In verse 26, the Apostle states that eating of the bread and drinking of the cup declares the Lord’s death until He returns. In Matthew 26:29, the Lord informed His disciples that He would not drink of the fruit of the vine again until He drank it new with them in “My Father’s kingdom.” When we partake of the Lord’s supper in remembrance of Him and the things which He taught, we look to the day when He shall come and drink.

This is what Paul received of the Lord and it is what he delivered to the Corinthians that they should do. Many in the church at Corinth were not eating of the bread and drinking of the cup in this manner. They were not doing this in remembrance of Him. They were not testifying of His death for their sins, His presence with the Father as their intercessor, and of His promise come again. The manner in which they observed the Lord’s supper made light of what He has done, is doing and shall do. They were guilty of dishonoring the Lord. They were guilty of the body and blood of Christ Jesus.

All believers are called to place God first, others second and self last. When we fail to do as we know to do, we dishonor His body and His blood. Our testimony is lost. Because we fail, we need heed Paul’s message to the church at Corinth. We must judge ourselves such that we not be judged and found unworthy (see v. 31).

In the church at Corinth, the Lord’s supper had become a time to fill one’s belly with bread and to drink wine in excess (see v. 21). Believers are instructed to do this [eating and drinking] in remembrance of Jesus. The failure of the church to judge themselves resulted in God’s judgment. Consequently, many were sick and weak and numerous ones had perished (v. 30).

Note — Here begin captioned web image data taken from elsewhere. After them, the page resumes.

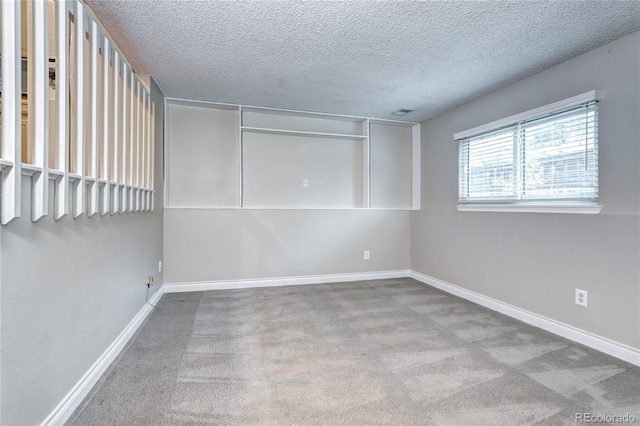 empty room with a textured ceiling and light carpet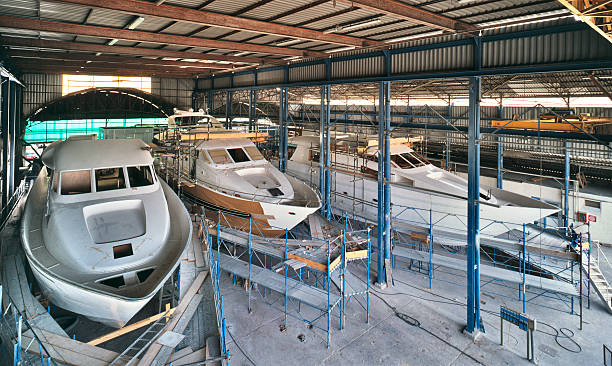 Shipyard in Viareggio, Italy, three yachts under construction, marine industry stock photo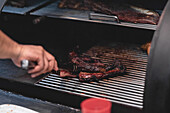 Eine gesichtslose Person mit einer Zange grillt Fleisch auf einem Rost in einem heißen Grill in der Nähe von Soße während des Kochvorgangs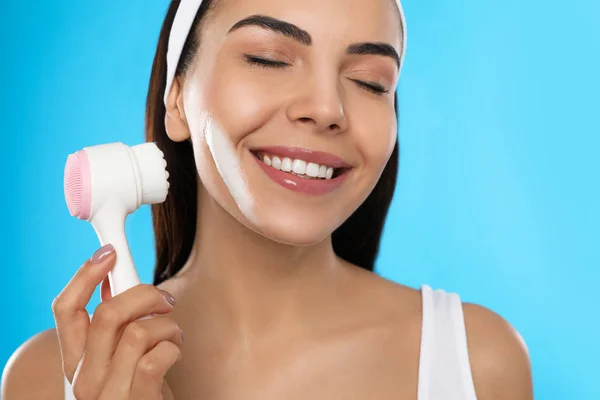 Mujer Joven Usando Cepillo Limpieza Facial Sobre Fondo Azul Claro —  Fotos de Stock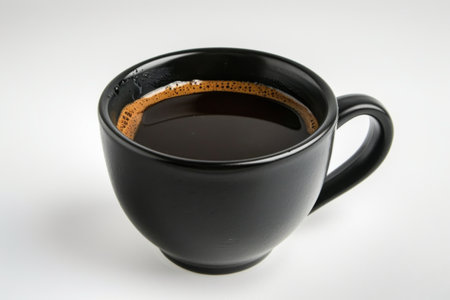 Black cup of coffee on a white backgroundの素材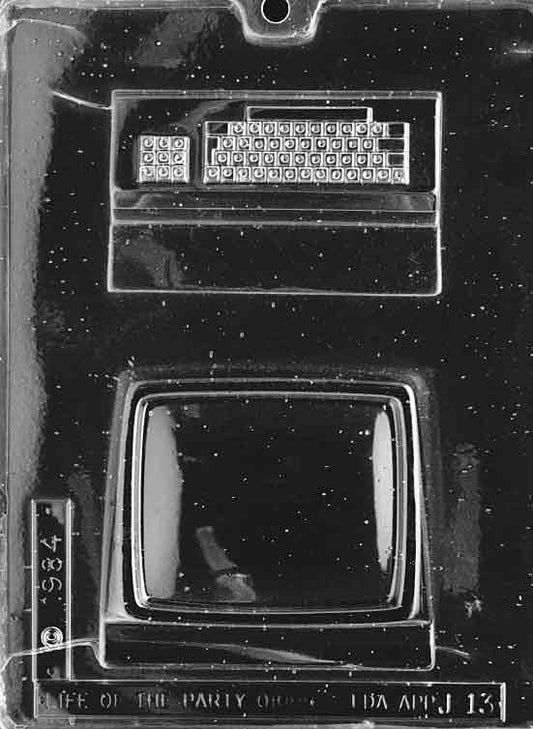 Image shows COMPUTER mold with 3D chocolate computer parts including monitor, base, and tower sections.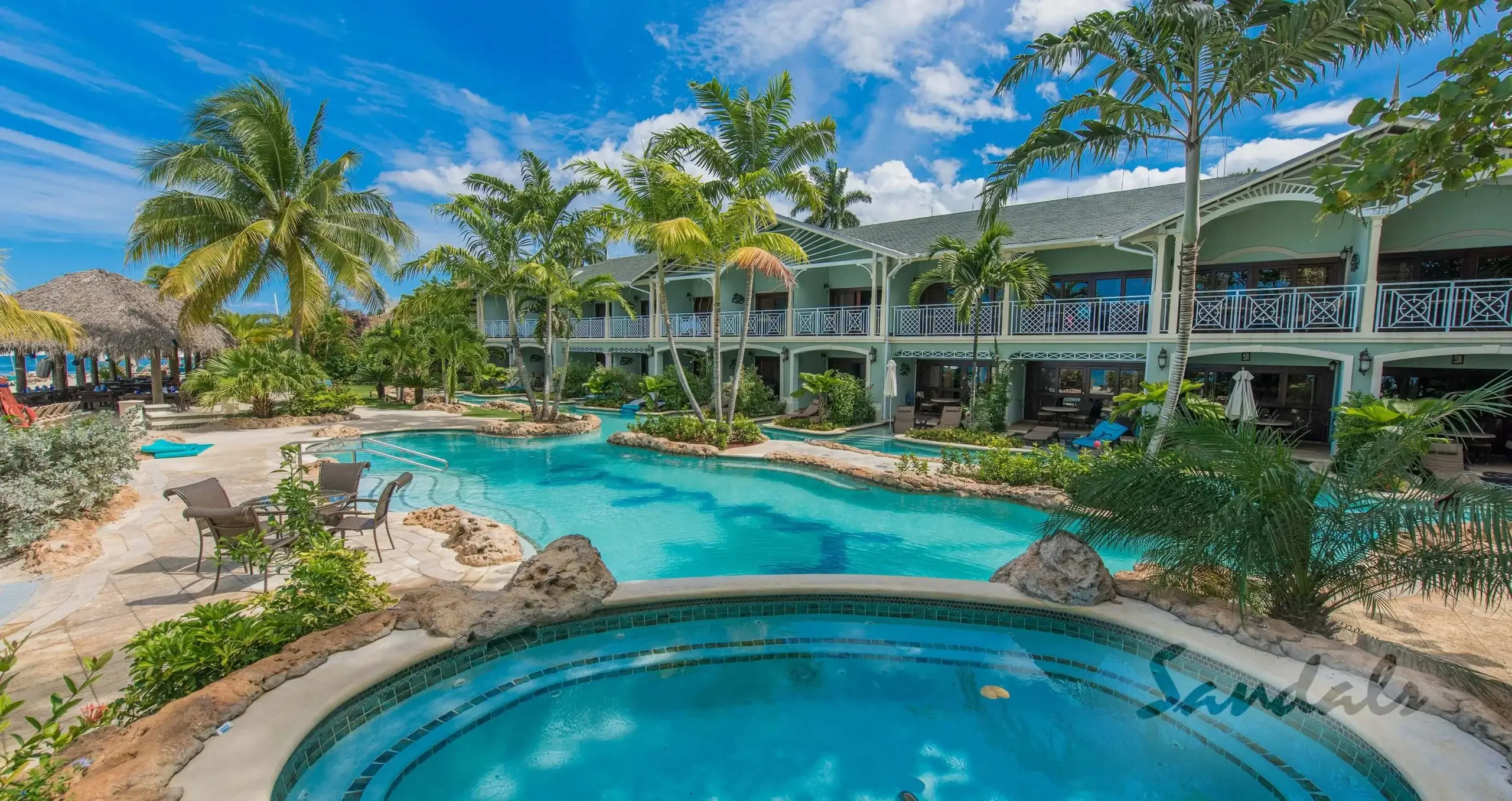 Sandals Negril with large swimming pool and beautiful ocean views in Jamaica.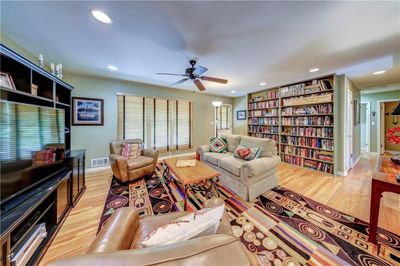 Living room with ceiling fan and hardwood / wood-style floors | Image 3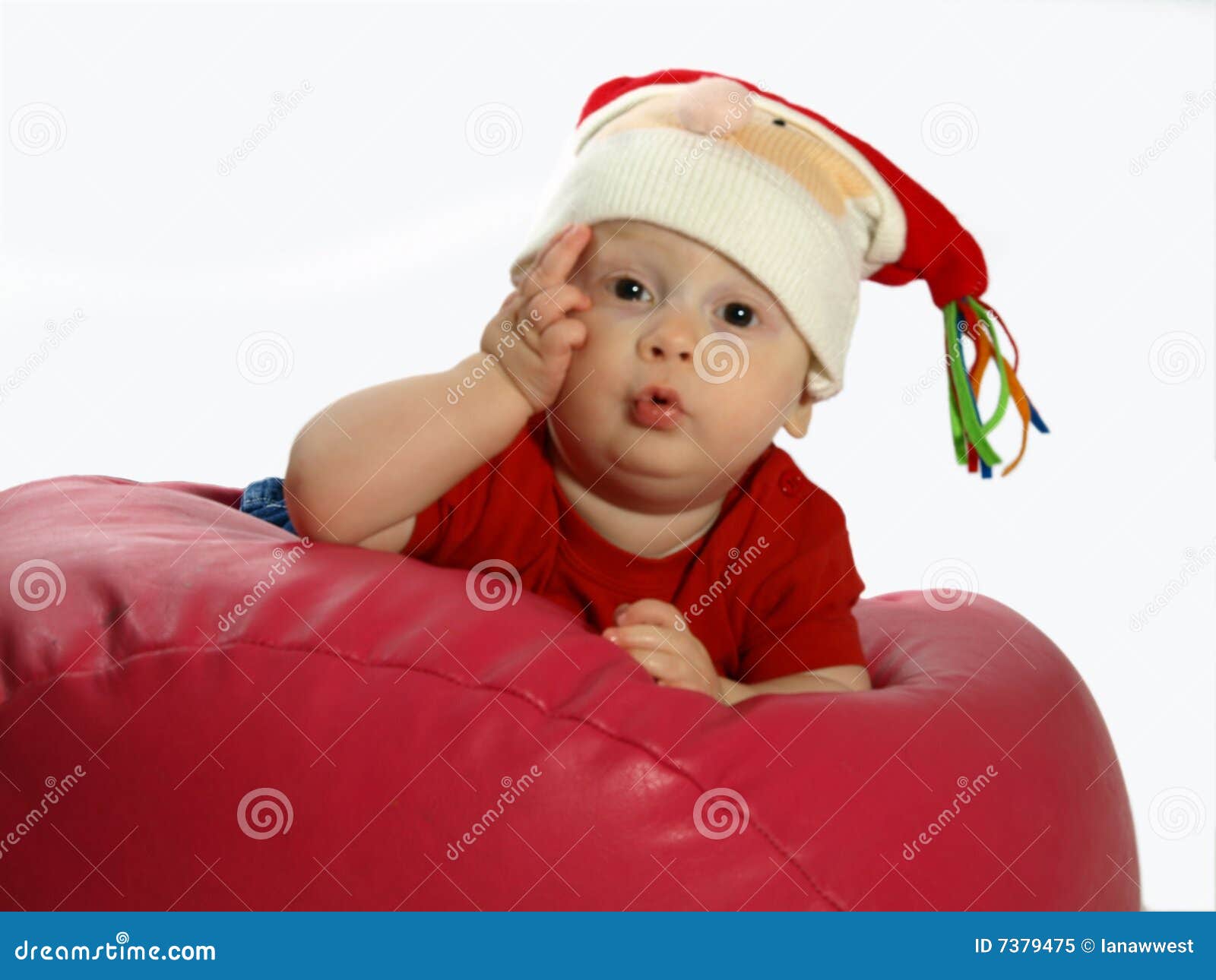 Infant on Bean Bag Wearing a Hat Stock Image Image of christmas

In verse 32, Paul states, “But when we are judged . . .” Being judged is not an “if”; it is a certainty. The Lord desires that we should judge ourselves and right our ways. If we fail to judge ourselves, the Lord will do the judging. His judgment is right and fair. His judgment is merciful. Without His chastening, one is condemned with the world and all that is in the world.

In his closing words concerning the Lord’s supper, the Apostle urges the brethren to wait for one another before partaking. In verse 34, he instructs them to eat at home such that physical hunger does not cause them to come together in condemnation. Remembrance of the Lord and filling one’s stomach are incompatible. The Lord did not give Himself for us such that we may fill our stomachs. He died that men might know of the Father’s loving grace.

In eating and drinking in remembrance of Him, we testify of the past (He died for us); the present (He intercedes for us); and the future (He shall come again). We know that He has reached out to us and desires that all should come to Him in repentance. Let us do that which we know is right to do.